BEGIN

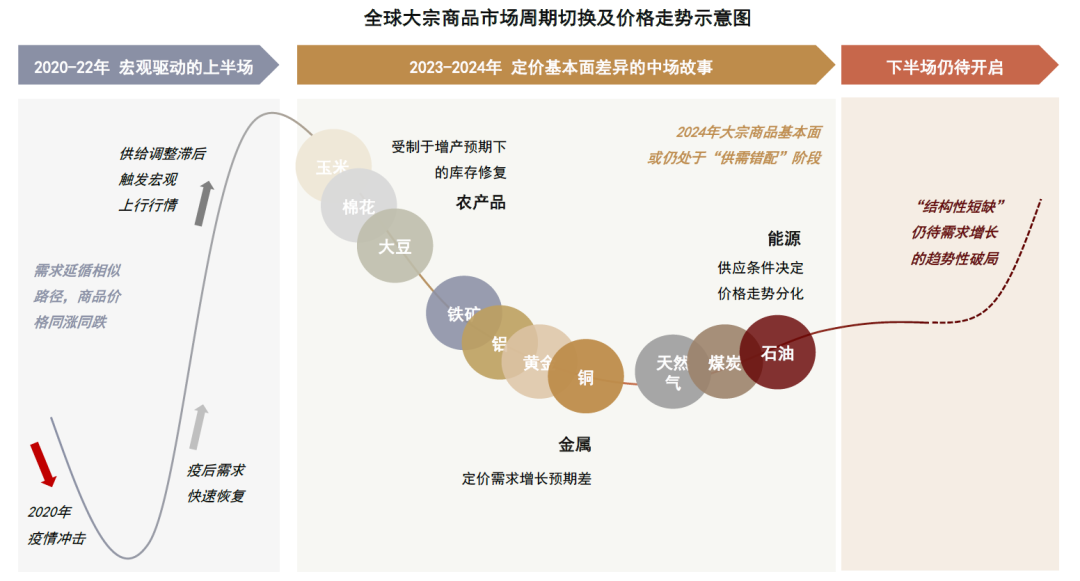 新澳2024年精准资料32期,现象解答解释落实_VE版47.508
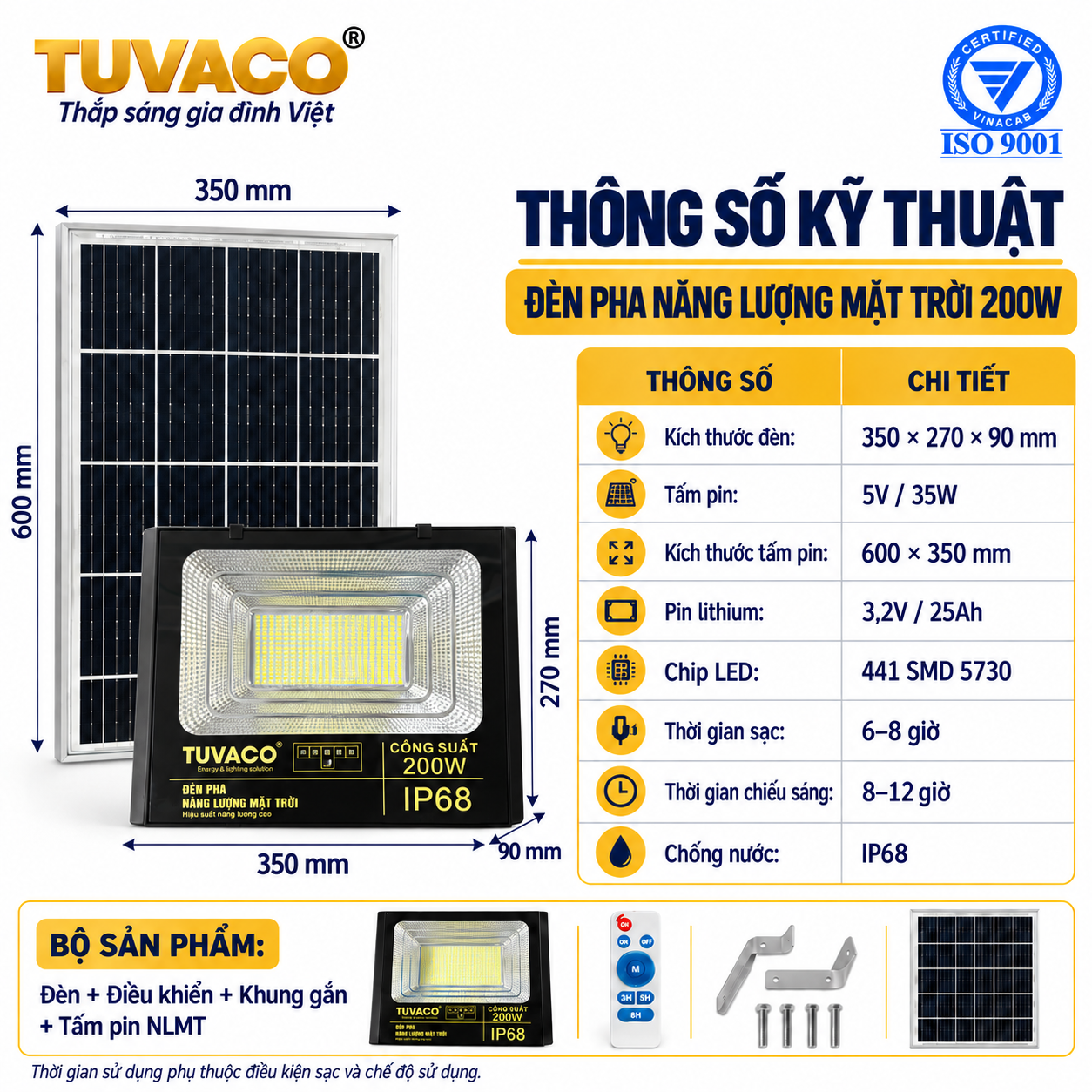 02-Thong-so 02-Thong-so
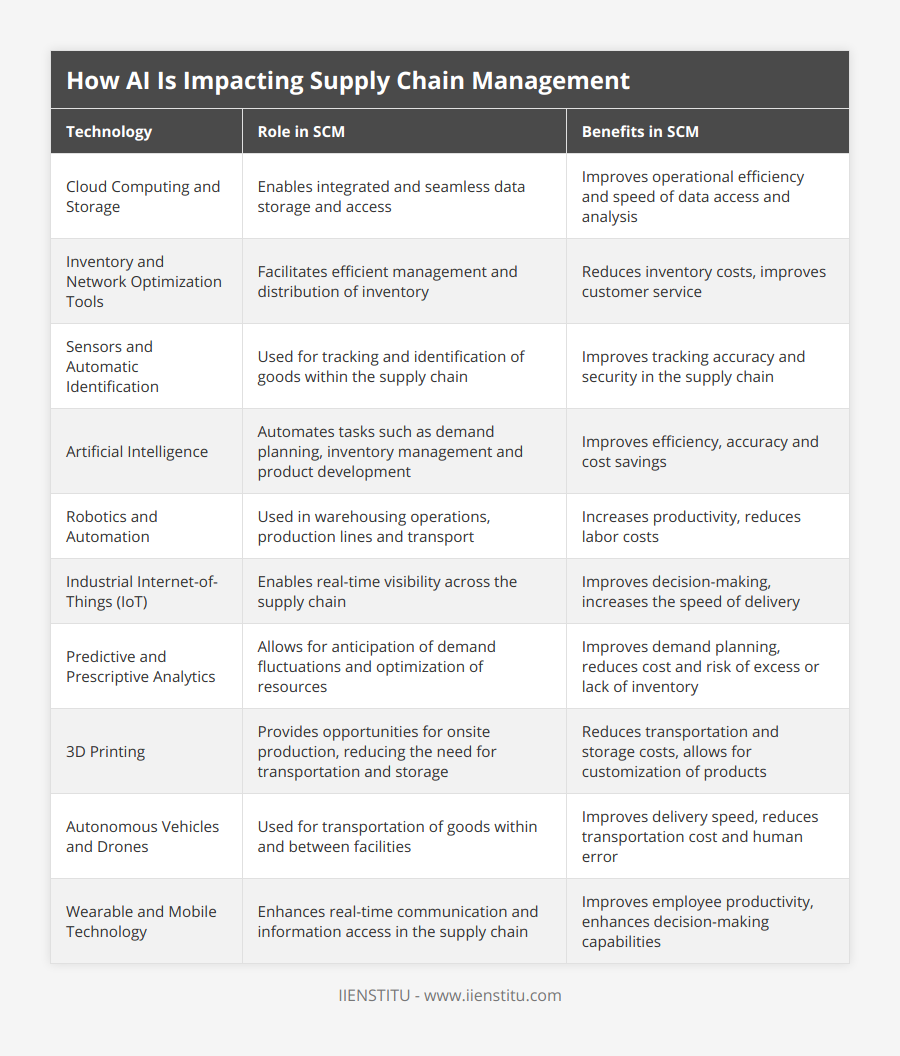 Cloud Computing and Storage, Enables integrated and seamless data storage and access, Improves operational efficiency and speed of data access and analysis, Inventory and Network Optimization Tools, Facilitates efficient management and distribution of inventory, Reduces inventory costs, improves customer service, Sensors and Automatic Identification, Used for tracking and identification of goods within the supply chain, Improves tracking accuracy and security in the supply chain, Artificial Intelligence, Automates tasks such as demand planning, inventory management and product development, Improves efficiency, accuracy and cost savings, Robotics and Automation, Used in warehousing operations, production lines and transport, Increases productivity, reduces labor costs, Industrial Internet-of-Things (IoT), Enables real-time visibility across the supply chain, Improves decision-making, increases the speed of delivery, Predictive and Prescriptive Analytics, Allows for anticipation of demand fluctuations and optimization of resources, Improves demand planning, reduces cost and risk of excess or lack of inventory, 3D Printing, Provides opportunities for onsite production, reducing the need for transportation and storage, Reduces transportation and storage costs, allows for customization of products, Autonomous Vehicles and Drones, Used for transportation of goods within and between facilities, Improves delivery speed, reduces transportation cost and human error, Wearable and Mobile Technology, Enhances real-time communication and information access in the supply chain, Improves employee productivity, enhances decision-making capabilities
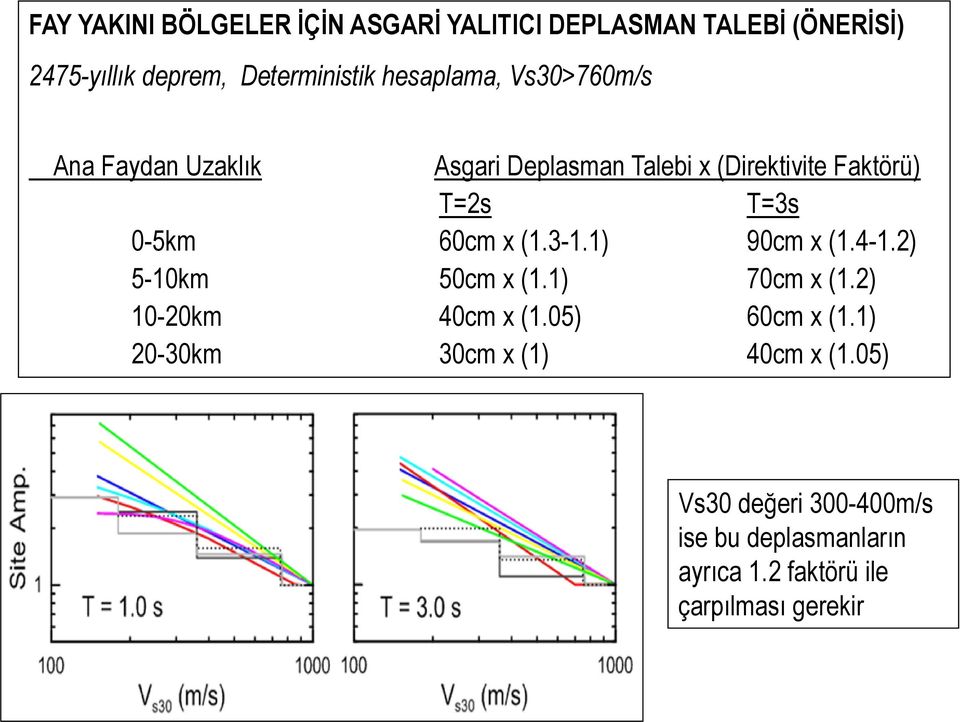 60cm x (1.3-1.1) 90cm x (1.4-1.2) 5-10km 50cm x (1.1) 70cm x (1.2) 10-20km 40cm x (1.05) 60cm x (1.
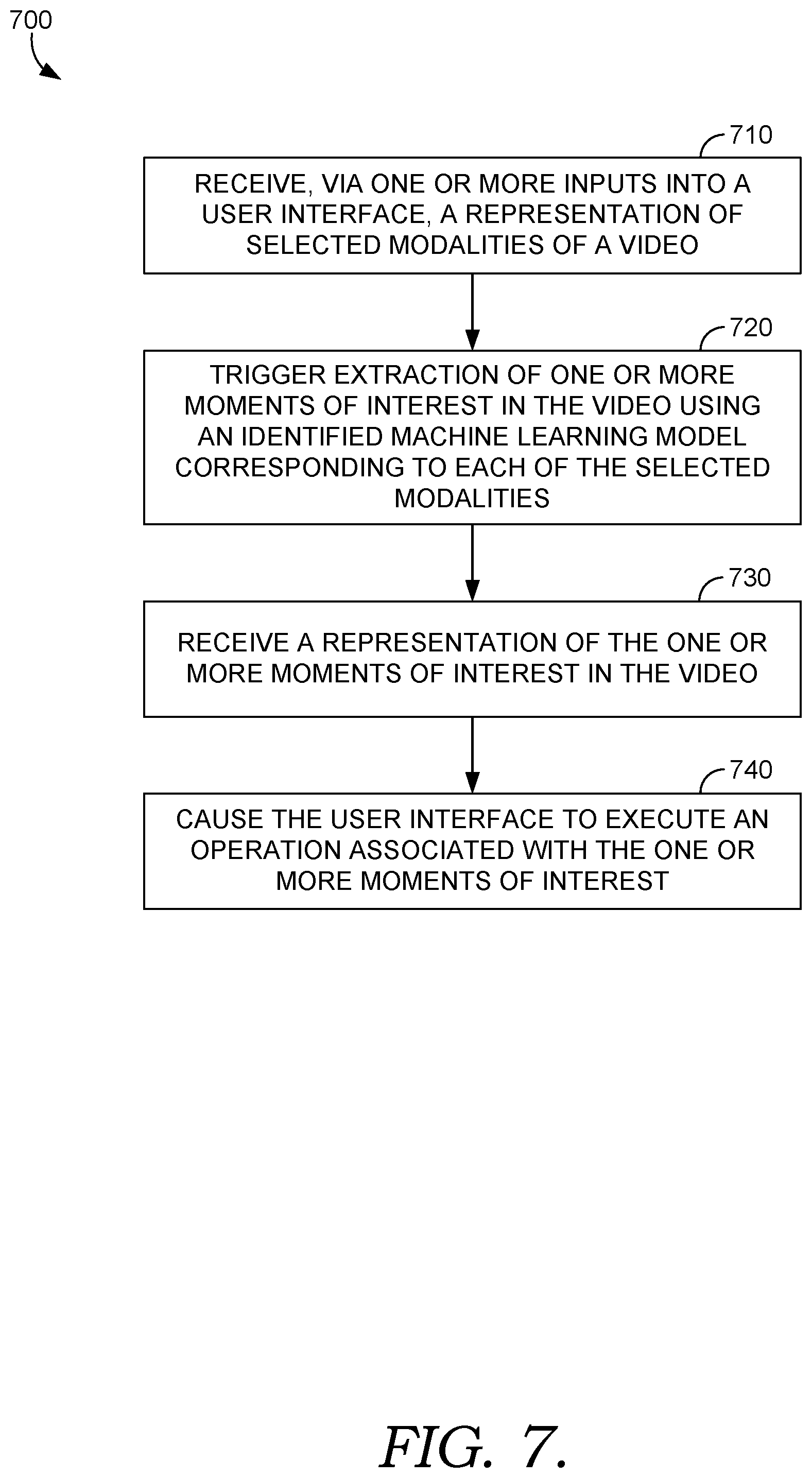 Patent US12468760 Figure 7 – Customizable framework to extract moments of interest
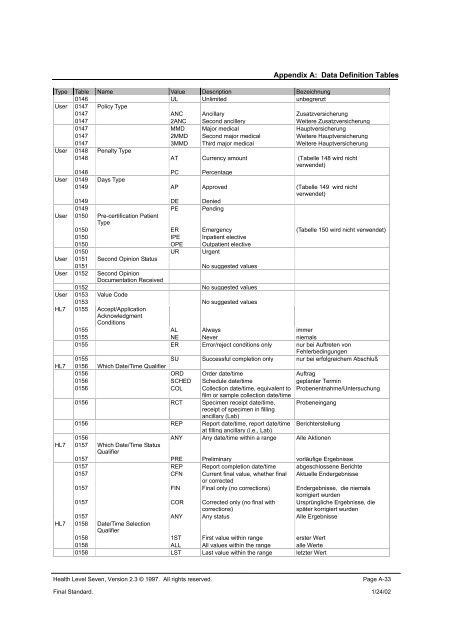 A. Data Definition Tables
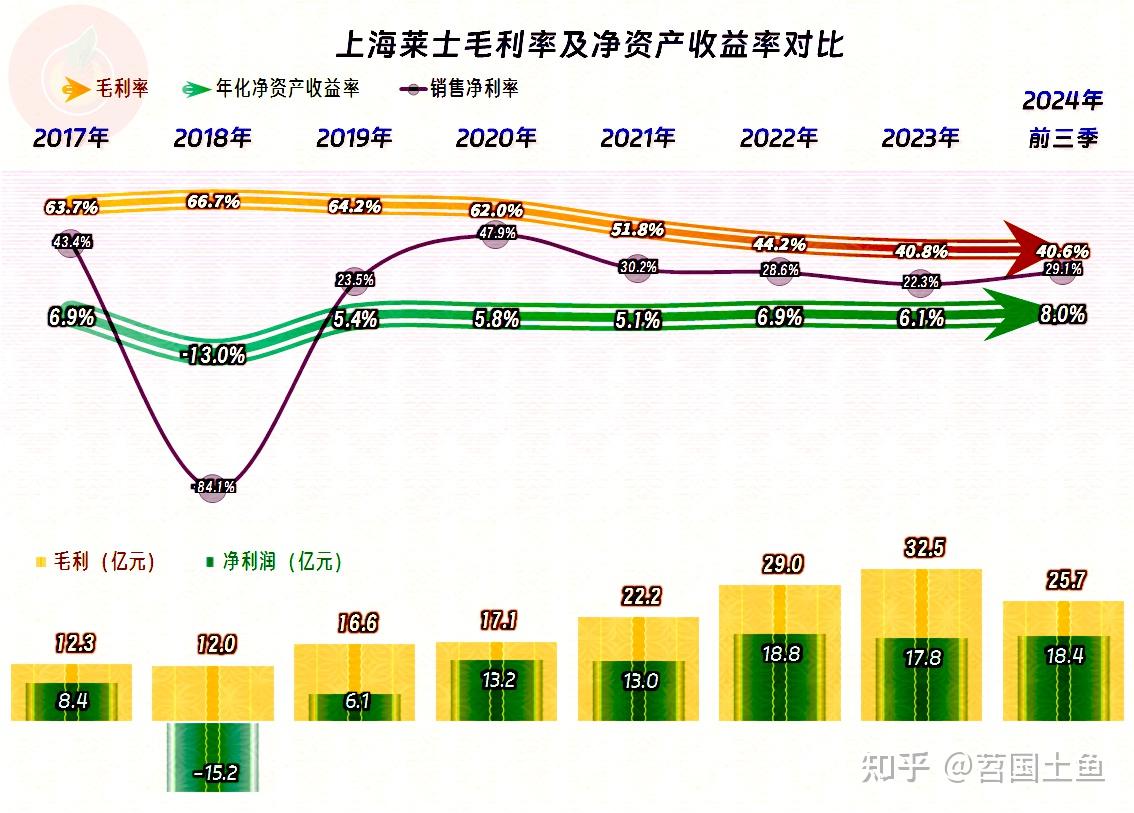 上海莱士2024年前三季度增长变慢，两大业绩指标还是创下了新纪录- 知乎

END

== YOUR ASSIGNMENT ==
Please retype the lines from the one that contains "60cm x (1.3-1.1)" to the final line of the records, both included, exactly as written and without any pictures.

== EXERCISE OUTPUT ==
 60cm x (1.3-1.1) 90cm x (1.4-1.2) 5-10km 50cm x (1.1) 70cm x (1.2) 10-20km 40cm x (1.05) 60cm x (1.
 Patent US12468760 Figure 7 – Customizable framework to extract moments of interest
 A. Data Definition Tables
 上海莱士2024年前三季度增长变慢，两大业绩指标还是创下了新纪录- 知乎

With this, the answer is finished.